* **Data**
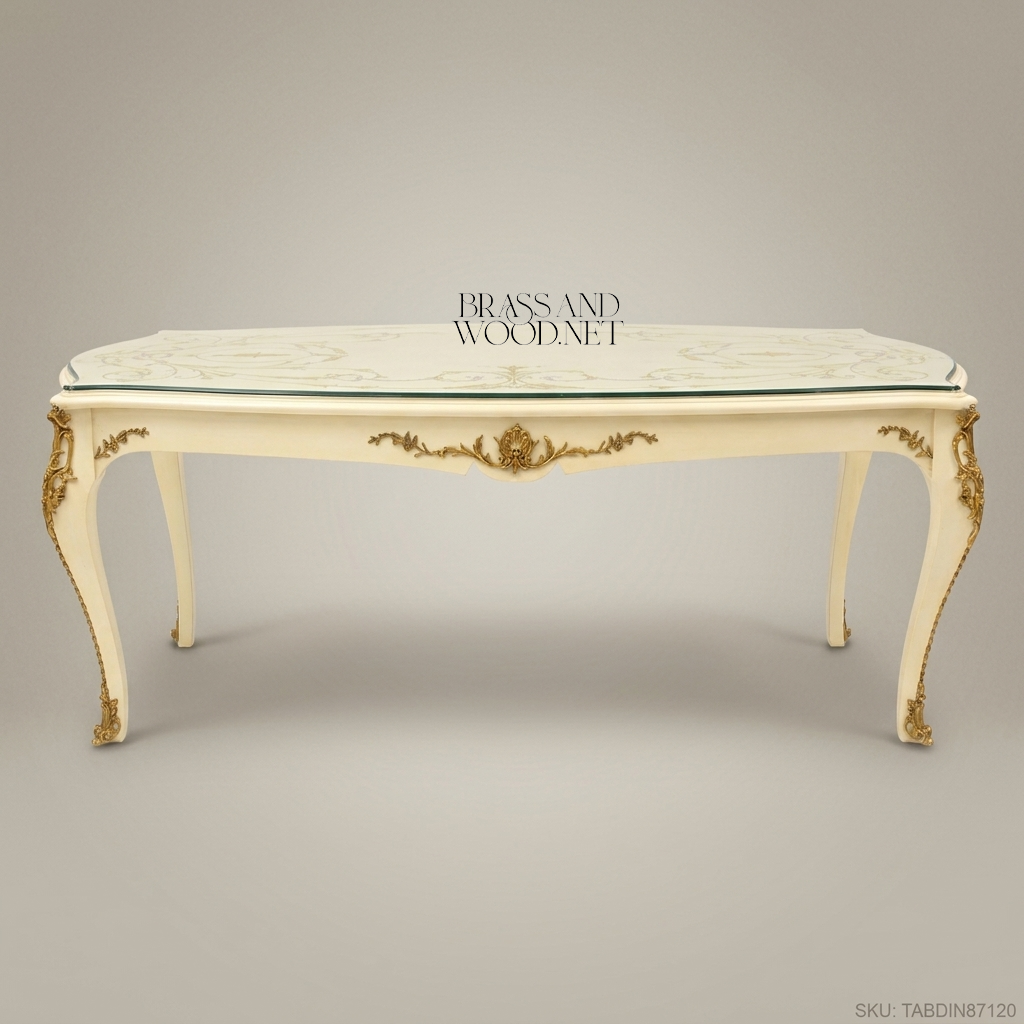 Royal Baroque Ivory & Brass Dining Table — 8 Persons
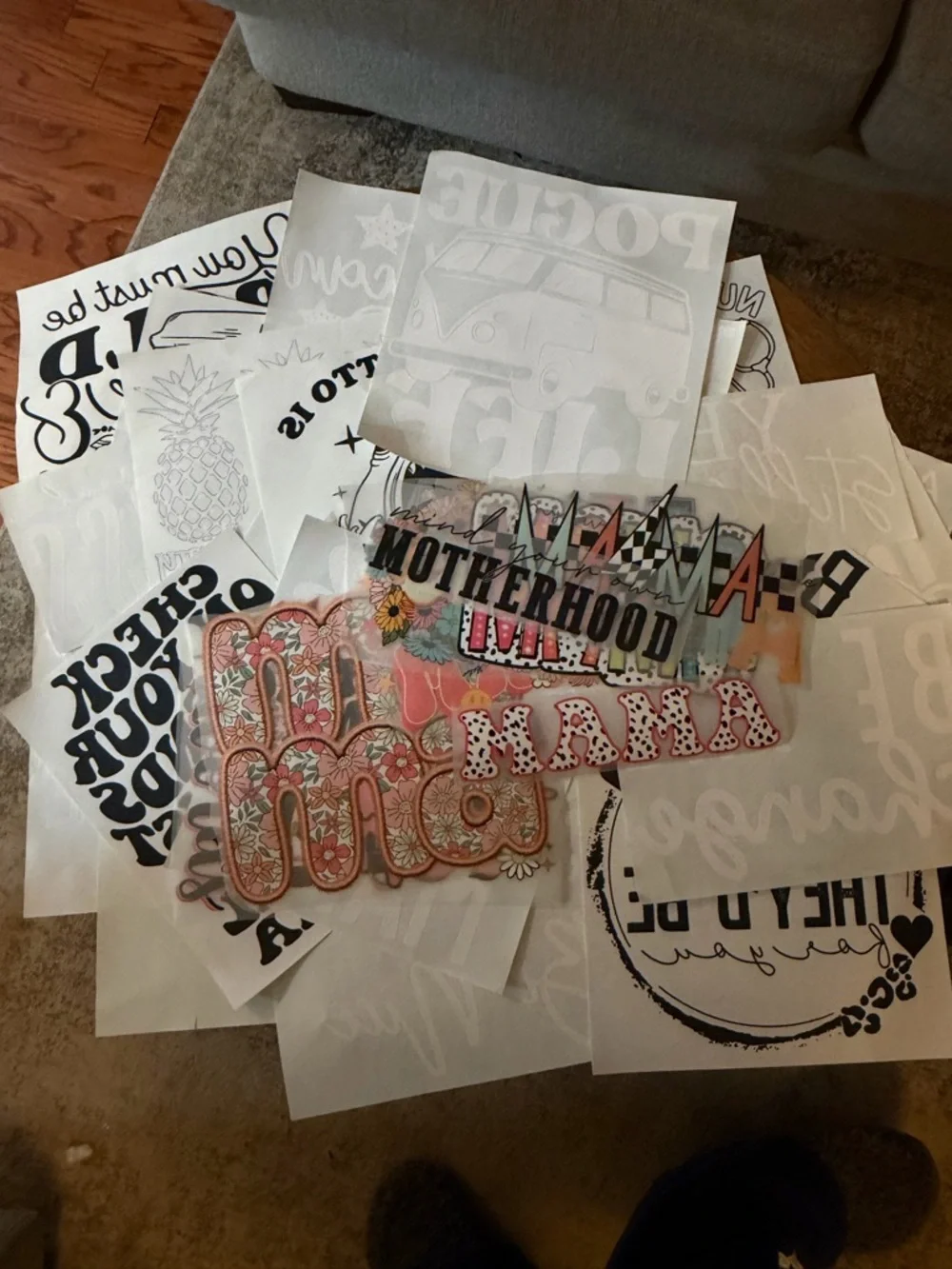 40 Assorted Mama and other random DTF/screen print transfers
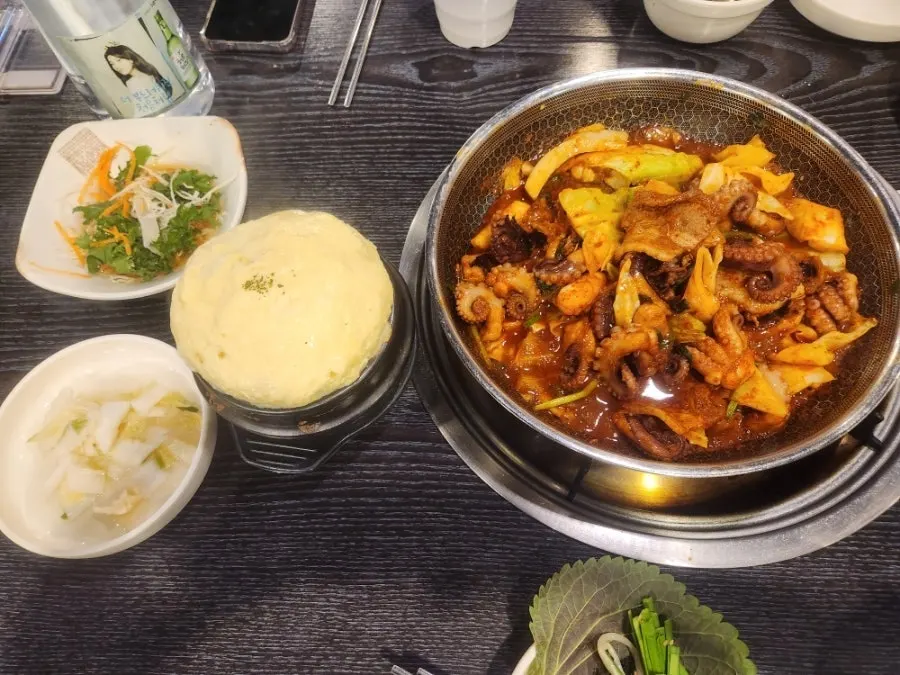 Jjukumi hot plate after the meal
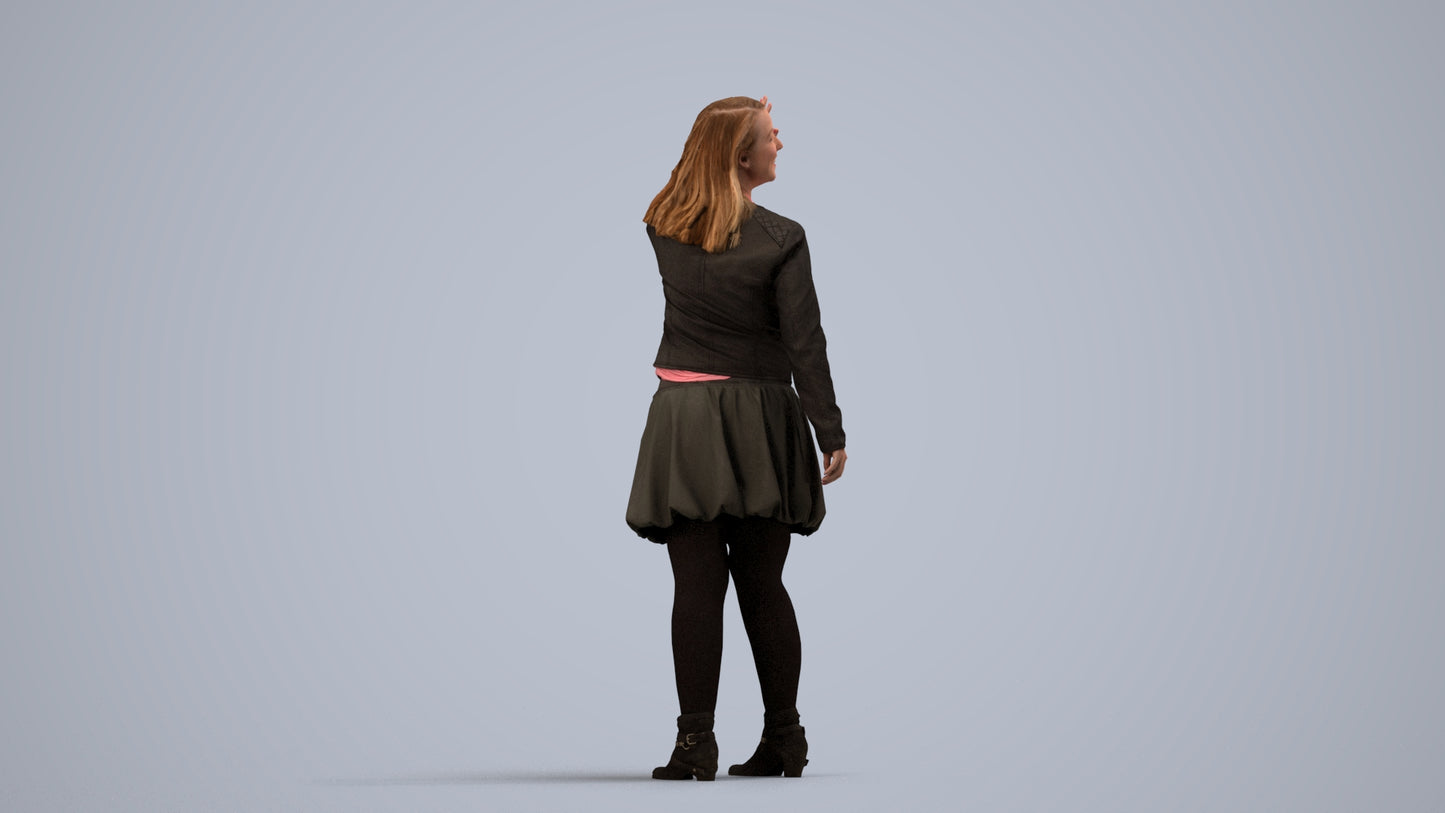 3D human model woman casual standing, photogrammetry scanned person for archviz, side view render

* **Work order**
Your reply should hold every line above exactly as written and none of the pictures.

* **Solution for this problem**
 Royal Baroque Ivory & Brass Dining Table — 8 Persons
 40 Assorted Mama and other random DTF/screen print transfers
 Jjukumi hot plate after the meal
 3D human model woman casual standing, photogrammetry scanned person for archviz, side view render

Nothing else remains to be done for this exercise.